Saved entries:
BEGIN
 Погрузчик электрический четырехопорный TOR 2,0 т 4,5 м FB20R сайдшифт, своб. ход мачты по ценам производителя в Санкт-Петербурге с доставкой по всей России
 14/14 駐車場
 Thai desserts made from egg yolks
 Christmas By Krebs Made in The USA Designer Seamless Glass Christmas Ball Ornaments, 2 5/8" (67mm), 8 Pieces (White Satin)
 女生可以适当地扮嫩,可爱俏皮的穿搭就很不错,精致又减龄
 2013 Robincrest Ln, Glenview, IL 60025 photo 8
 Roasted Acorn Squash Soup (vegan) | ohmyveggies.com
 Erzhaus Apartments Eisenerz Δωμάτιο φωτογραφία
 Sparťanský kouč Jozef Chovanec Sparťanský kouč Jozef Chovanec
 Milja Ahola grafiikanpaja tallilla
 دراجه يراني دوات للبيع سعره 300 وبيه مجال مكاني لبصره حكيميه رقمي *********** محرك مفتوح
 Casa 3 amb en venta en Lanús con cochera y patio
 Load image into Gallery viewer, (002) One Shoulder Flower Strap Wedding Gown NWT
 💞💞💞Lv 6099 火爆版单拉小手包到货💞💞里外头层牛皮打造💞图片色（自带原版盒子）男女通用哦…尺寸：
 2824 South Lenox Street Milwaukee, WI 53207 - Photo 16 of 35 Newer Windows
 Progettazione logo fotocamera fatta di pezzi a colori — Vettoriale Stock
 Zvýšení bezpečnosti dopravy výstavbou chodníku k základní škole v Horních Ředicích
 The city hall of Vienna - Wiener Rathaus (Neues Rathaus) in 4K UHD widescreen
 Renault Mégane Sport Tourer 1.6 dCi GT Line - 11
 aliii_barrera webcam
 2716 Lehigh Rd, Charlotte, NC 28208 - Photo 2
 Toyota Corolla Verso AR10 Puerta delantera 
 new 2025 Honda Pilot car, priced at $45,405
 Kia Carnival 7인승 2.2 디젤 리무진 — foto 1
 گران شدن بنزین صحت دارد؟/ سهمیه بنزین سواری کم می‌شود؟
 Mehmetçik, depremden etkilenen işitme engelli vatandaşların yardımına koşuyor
END
* Exercise instructions *
Nothing in the records may be altered; restate them word for word.

* Expected output *
 Погрузчик электрический четырехопорный TOR 2,0 т 4,5 м FB20R сайдшифт, своб. ход мачты по ценам производителя в Санкт-Петербурге с доставкой по всей России
 14/14 駐車場
 Thai desserts made from egg yolks
 Christmas By Krebs Made in The USA Designer Seamless Glass Christmas Ball Ornaments, 2 5/8" (67mm), 8 Pieces (White Satin)
 女生可以适当地扮嫩,可爱俏皮的穿搭就很不错,精致又减龄
 2013 Robincrest Ln, Glenview, IL 60025 photo 8
 Roasted Acorn Squash Soup (vegan) | ohmyveggies.com
 Erzhaus Apartments Eisenerz Δωμάτιο φωτογραφία
 Sparťanský kouč Jozef Chovanec Sparťanský kouč Jozef Chovanec
 Milja Ahola grafiikanpaja tallilla
 دراجه يراني دوات للبيع سعره 300 وبيه مجال مكاني لبصره حكيميه رقمي *********** محرك مفتوح
 Casa 3 amb en venta en Lanús con cochera y patio
 Load image into Gallery viewer, (002) One Shoulder Flower Strap Wedding Gown NWT
 💞💞💞Lv 6099 火爆版单拉小手包到货💞💞里外头层牛皮打造💞图片色（自带原版盒子）男女通用哦…尺寸：
 2824 South Lenox Street Milwaukee, WI 53207 - Photo 16 of 35 Newer Windows
 Progettazione logo fotocamera fatta di pezzi a colori — Vettoriale Stock
 Zvýšení bezpečnosti dopravy výstavbou chodníku k základní škole v Horních Ředicích
 The city hall of Vienna - Wiener Rathaus (Neues Rathaus) in 4K UHD widescreen
 Renault Mégane Sport Tourer 1.6 dCi GT Line - 11
 aliii_barrera webcam
 2716 Lehigh Rd, Charlotte, NC 28208 - Photo 2
 Toyota Corolla Verso AR10 Puerta delantera 
 new 2025 Honda Pilot car, priced at $45,405
 Kia Carnival 7인승 2.2 디젤 리무진 — foto 1
 گران شدن بنزین صحت دارد؟/ سهمیه بنزین سواری کم می‌شود؟
 Mehmetçik, depremden etkilenen işitme engelli vatandaşların yardımına koşuyor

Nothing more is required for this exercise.